What is expected >> Please output, exactly and without pictures, the lines from the opening of the listing below through the line containing "Metropolitan Jazz Band Beryl & Bryden", both included.

Data section >>
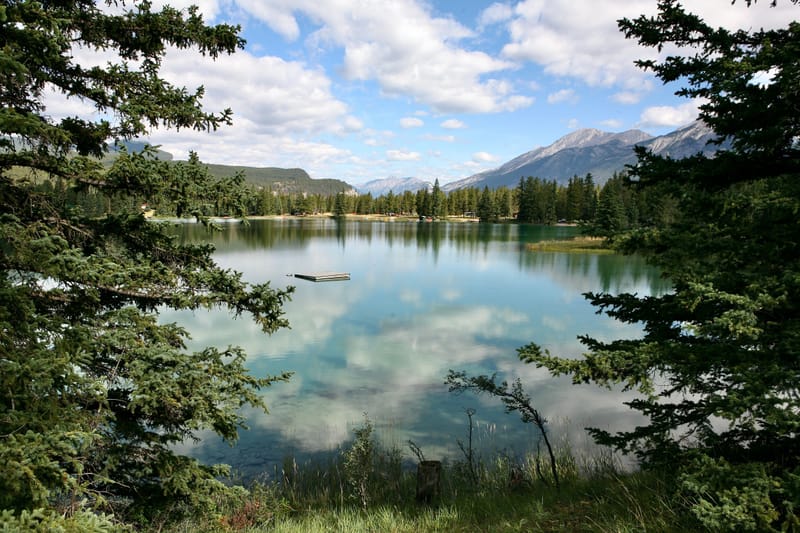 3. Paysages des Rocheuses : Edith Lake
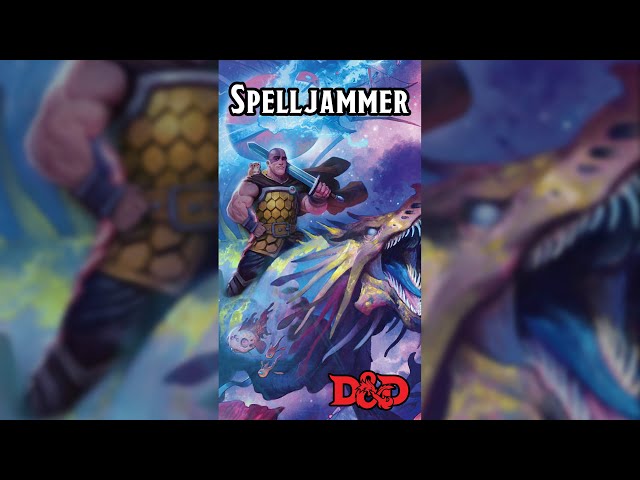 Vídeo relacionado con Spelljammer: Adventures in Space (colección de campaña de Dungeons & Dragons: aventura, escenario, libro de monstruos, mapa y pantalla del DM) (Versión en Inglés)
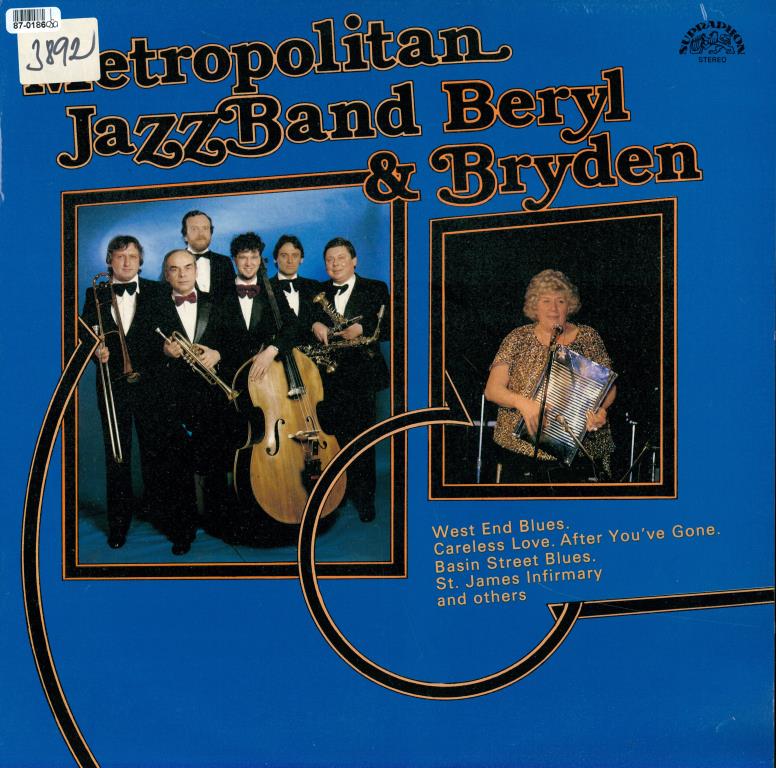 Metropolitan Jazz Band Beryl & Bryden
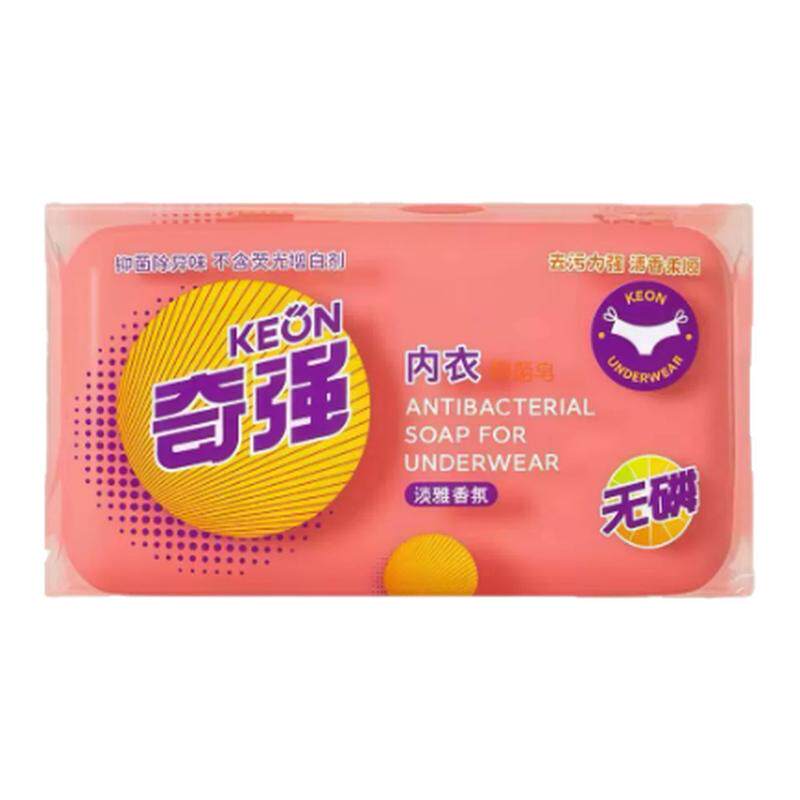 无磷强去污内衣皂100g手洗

The answer >>
 3. Paysages des Rocheuses : Edith Lake
 Vídeo relacionado con Spelljammer: Adventures in Space (colección de campaña de Dungeons & Dragons: aventura, escenario, libro de monstruos, mapa y pantalla del DM) (Versión en Inglés)
 Metropolitan Jazz Band Beryl & Bryden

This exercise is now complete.